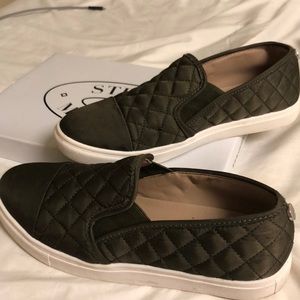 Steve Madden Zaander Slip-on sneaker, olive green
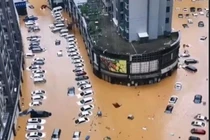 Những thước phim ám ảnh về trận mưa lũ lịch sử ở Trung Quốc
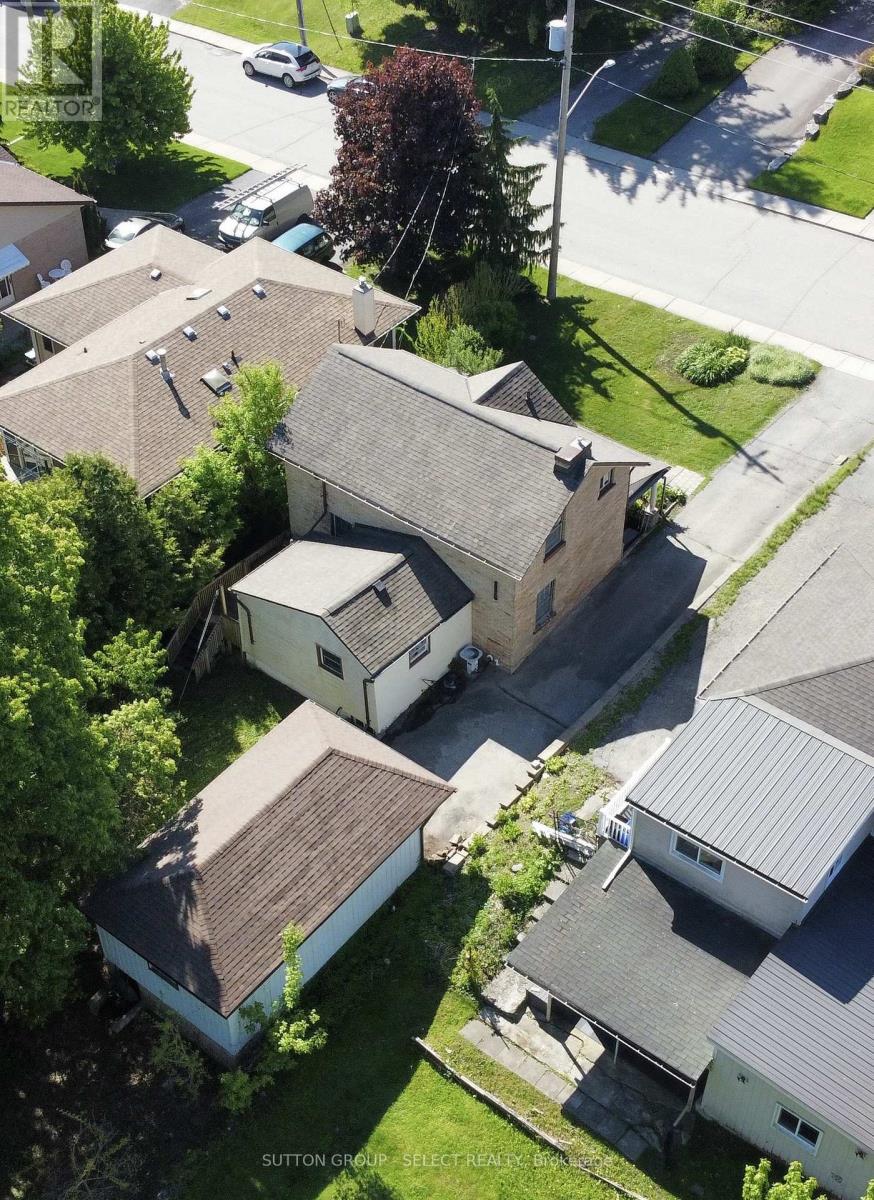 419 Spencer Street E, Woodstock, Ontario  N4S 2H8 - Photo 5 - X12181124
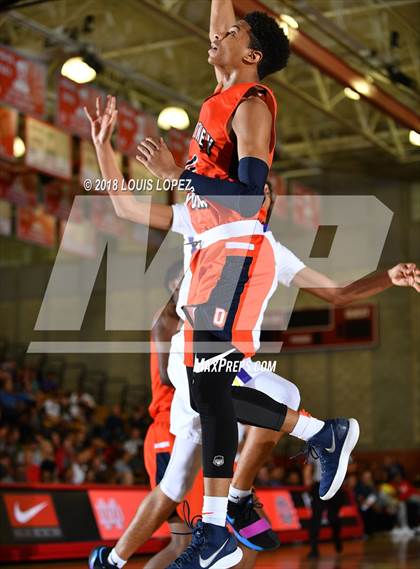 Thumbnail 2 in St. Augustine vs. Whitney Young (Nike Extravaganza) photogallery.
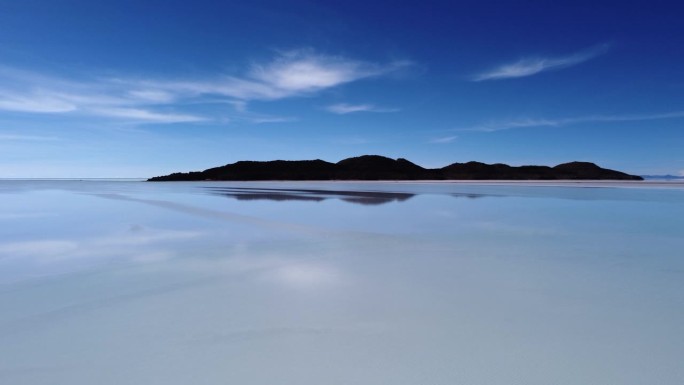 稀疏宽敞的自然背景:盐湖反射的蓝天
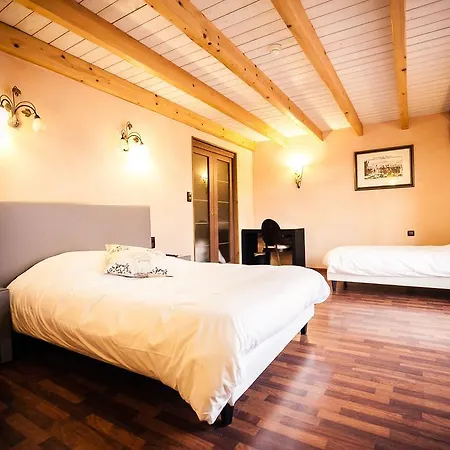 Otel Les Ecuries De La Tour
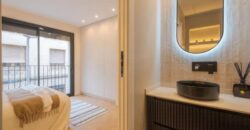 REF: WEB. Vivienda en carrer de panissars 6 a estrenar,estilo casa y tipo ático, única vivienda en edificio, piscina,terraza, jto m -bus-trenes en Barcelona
######
▶ _What is being asked_:
The whole of the data needs to be copied word for word, though not its pictures.

▶ _Response to the task_:
 Steve Madden Zaander Slip-on sneaker, olive green
 Những thước phim ám ảnh về trận mưa lũ lịch sử ở Trung Quốc
 419 Spencer Street E, Woodstock, Ontario  N4S 2H8 - Photo 5 - X12181124
 Thumbnail 2 in St. Augustine vs. Whitney Young (Nike Extravaganza) photogallery.
 稀疏宽敞的自然背景:盐湖反射的蓝天
 Otel Les Ecuries De La Tour
 REF: WEB. Vivienda en carrer de panissars 6 a estrenar,estilo casa y tipo ático, única vivienda en edificio, piscina,terraza, jto m -bus-trenes en Barcelona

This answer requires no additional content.